A few days ago, on the #indieweb Freenode channel1 one of the users asked if we knew an indieweb-friendly way of getting data out of LinkedIn. I wasn't paying attention to any recent news related to LinkedIn, though I've heard a few things, such as they are struggling to prevent data scraping: the note mentioned that they believe it's a problem that employers keep an eye on changes in LinkedIn profiles via 3rd party. This, indeed, can be an issue, but there are ways to manage this within LinkedIn: your public profile settings2.
In my case, this was set to visible to everyone for years, and by the time I had to set it up (again: years), it was working as intended. But a few days ago, for my surprise, visiting my profile while logged out resulted in this:
$ wget -O- https://www.linkedin.com/in/petermolnareu --2018-01-14 10:26:12-- https://www.linkedin.com/in/petermolnareu Resolving www.linkedin.com (www.linkedin.com)... 22.214.171.124, 2620:109:c00c:104::b93f:9001 Connecting to www.linkedin.com (www.linkedin.com)|126.96.36.199|:443... connected. HTTP request sent, awaiting response... 999 Request denied 2018-01-14 10:26:12 ERROR 999: Request denied.
Despite the settings, there is no public profile for logged out users.
I'd like to understand what it going on, because so far, this looks like a fat lie from LinkedIn. Hopefully just a bug.

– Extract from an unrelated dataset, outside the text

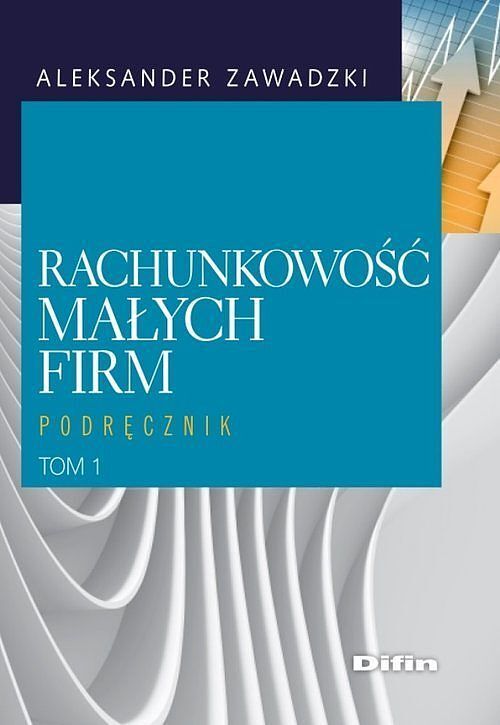Rachunkowość małych firm. Tom 1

I tried setting referrers and user agents, used different IP addresses, still nothing. I can't type today and managed to mistype
https://google.com - the referrer ended up as
https:/google.com. So, following the notes on HN, setting a referrer to Google sometimes works. After a few failures it will lock you out again, referrer or not. This is even uglier if it was a proper authwall for everyone.
curl 'https://www.linkedin.com/in/petermolnareu' \ -e 'https://google.com/' \ -H 'accept-encoding: text' -H \ 'accept-language: en-US,en;q=0.9,' \ -H 'user-agent: Mozilla/5.0 (X11; Linux x86_64) AppleWebKit/537.36 (KHTML, like Gecko) Chrome/63.0.3239.132 Safari/537.36'